Na tua carreira de número 1, prometeste e cumpriste, com altos e baixos como qualquer ser humano que dizes ser e és, com a família leonina invariavelmente do teu lado. Nem sequer acredito que tenhas levado a mal a queda das tochas no relvado no jogo com o Benfica. Já vi uma imagem desse momento em que estás a sorrir, como quem sabe do que a casa gasta. Tantos anos estiveste sentado no trono da baliza Vítor Damas, que não seria desta vez que te caía mal. Se calhar caiu e não estarei a ser justo, mas mesmo que tenhas levado a mal esse episódio, tudo o que te tenho para dizer como adepto e Sócio do Sporting, minimizará essa situação.
Considerei a tua carta uma autêntica contradição do princípio ao fim. Numa versão mais suave, diria que te foi difícil fazer a distinção entre o coração que dizes ter de leão e o profissional que és do Sporting Clube de Portugal. Contratualmente, poderás ser da Sporting SAD, mas a última vez que consultei a composição accionista do teu patrão, o accionista maioritário ainda é o Sporting Clube de Portugal, o Clube que tu representas e onde dizes ter o teu coração.
Percebes bem o significado da expressão “onde se tem o coração”?
Dizes que explicaste tudo e bem na carta do teu pedido de rescisão. Gostei de ver a união de balneário em alguns elementos, por sentirem exactamente as mesmas coisas, das mesmas frias maneiras em linguagem quase jurídica. Não foi chato o que vos aconteceu. Foi uma tragédia cujas consequências não caíram em saco roto e sei que irás acompanhar o processo até ao fim, tal como eu, se realmente continuas a sentir-te leão. Até porque tu és um dos queixosos.
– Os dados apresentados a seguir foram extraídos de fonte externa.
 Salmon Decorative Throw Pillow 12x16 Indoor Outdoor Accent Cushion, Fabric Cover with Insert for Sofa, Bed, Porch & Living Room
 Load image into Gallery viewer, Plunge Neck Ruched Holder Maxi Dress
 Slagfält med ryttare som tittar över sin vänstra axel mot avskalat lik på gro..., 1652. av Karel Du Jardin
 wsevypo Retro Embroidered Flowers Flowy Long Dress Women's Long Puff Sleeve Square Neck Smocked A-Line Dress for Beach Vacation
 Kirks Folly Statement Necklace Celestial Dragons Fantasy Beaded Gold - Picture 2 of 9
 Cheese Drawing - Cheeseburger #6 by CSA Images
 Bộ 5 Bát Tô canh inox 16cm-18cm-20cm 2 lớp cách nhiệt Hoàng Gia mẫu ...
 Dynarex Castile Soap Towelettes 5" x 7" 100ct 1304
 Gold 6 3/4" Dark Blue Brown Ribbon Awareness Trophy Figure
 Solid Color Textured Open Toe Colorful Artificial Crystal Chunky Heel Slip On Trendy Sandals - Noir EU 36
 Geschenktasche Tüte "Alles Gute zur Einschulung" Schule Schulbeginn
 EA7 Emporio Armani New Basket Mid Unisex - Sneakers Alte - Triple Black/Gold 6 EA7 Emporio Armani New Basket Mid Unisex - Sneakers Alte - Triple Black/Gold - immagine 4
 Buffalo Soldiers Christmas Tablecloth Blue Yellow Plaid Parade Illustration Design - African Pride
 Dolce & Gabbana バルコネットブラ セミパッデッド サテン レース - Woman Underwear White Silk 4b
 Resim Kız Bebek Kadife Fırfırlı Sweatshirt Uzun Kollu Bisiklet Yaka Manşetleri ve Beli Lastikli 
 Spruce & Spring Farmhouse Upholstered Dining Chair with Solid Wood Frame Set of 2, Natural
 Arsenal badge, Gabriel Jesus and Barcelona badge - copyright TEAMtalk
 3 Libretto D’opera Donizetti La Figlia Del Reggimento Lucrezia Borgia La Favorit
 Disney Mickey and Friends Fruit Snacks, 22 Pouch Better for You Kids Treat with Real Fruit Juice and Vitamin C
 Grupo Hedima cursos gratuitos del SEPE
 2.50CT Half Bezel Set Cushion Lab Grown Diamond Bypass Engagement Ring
Vamos à decisão que tomaste, de livre vontade. A partir do momento que o fizeste, abandonaste precisamente o teu clubismo para pensar como o ser humano jogador profissional de futebol Rui Patrício. Decidiste perante um dilema que tinha surgido na tua vida.

Talvez tenha sido melhor assim. Se não aconteceu, foi porque eventualmente não o tivesses merecido.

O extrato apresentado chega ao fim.